**Task requirements**
Check every line of the entries below for the word "know". Then give the number of lines that have it, with nothing added.

**Material for this exercise**
++++++++++++++++++++
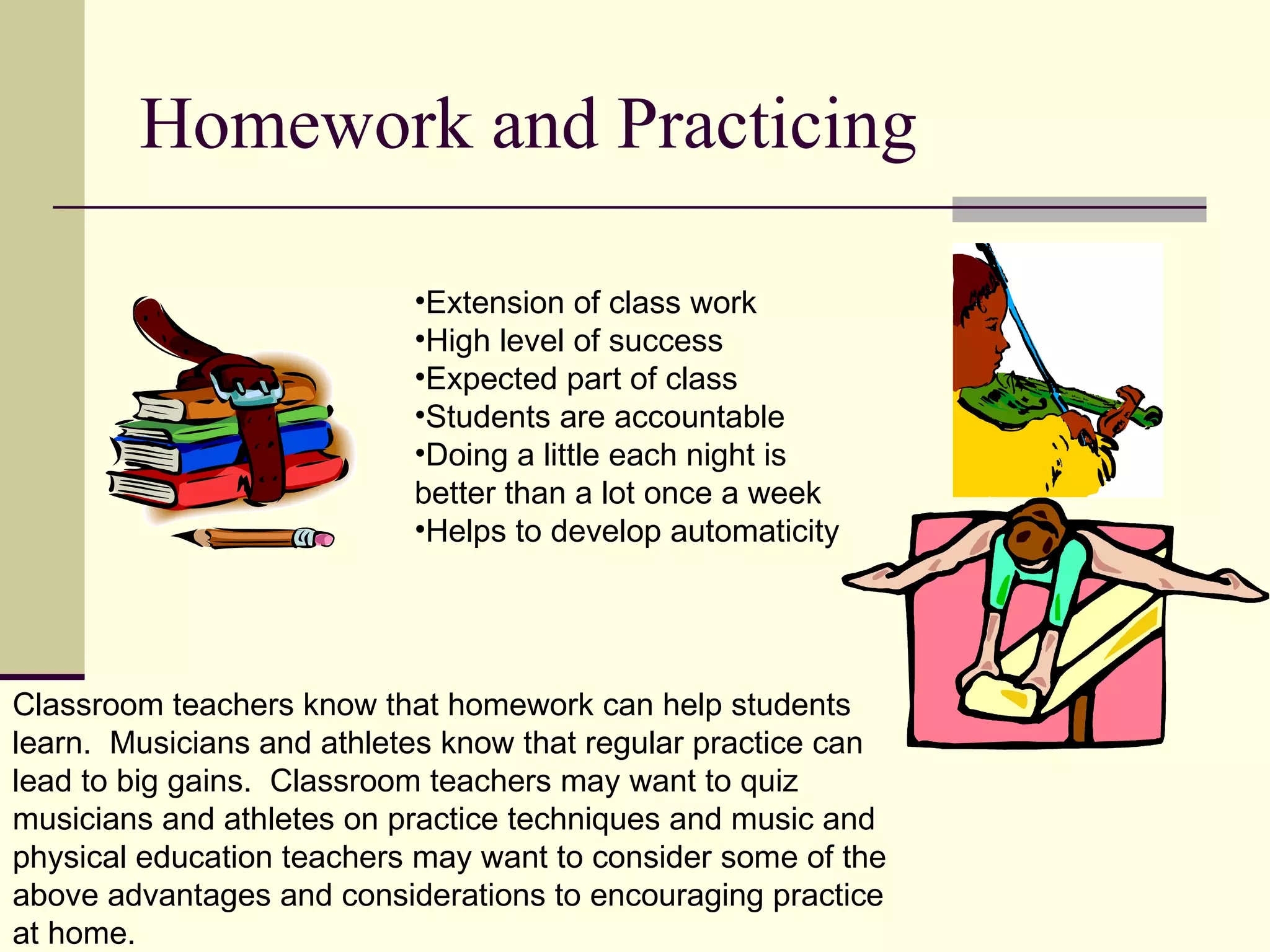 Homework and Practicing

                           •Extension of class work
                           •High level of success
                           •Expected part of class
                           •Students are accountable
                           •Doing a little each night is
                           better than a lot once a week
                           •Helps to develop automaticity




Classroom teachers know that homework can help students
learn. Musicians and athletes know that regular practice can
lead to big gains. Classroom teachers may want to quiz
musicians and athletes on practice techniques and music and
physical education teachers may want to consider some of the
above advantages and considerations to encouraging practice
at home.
++++++++++++++++++++
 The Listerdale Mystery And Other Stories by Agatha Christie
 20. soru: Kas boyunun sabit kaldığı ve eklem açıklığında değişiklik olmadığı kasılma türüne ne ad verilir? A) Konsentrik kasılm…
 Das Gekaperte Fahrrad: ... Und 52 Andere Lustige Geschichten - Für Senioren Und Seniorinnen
++++++++++++++++++++
**Task result**
2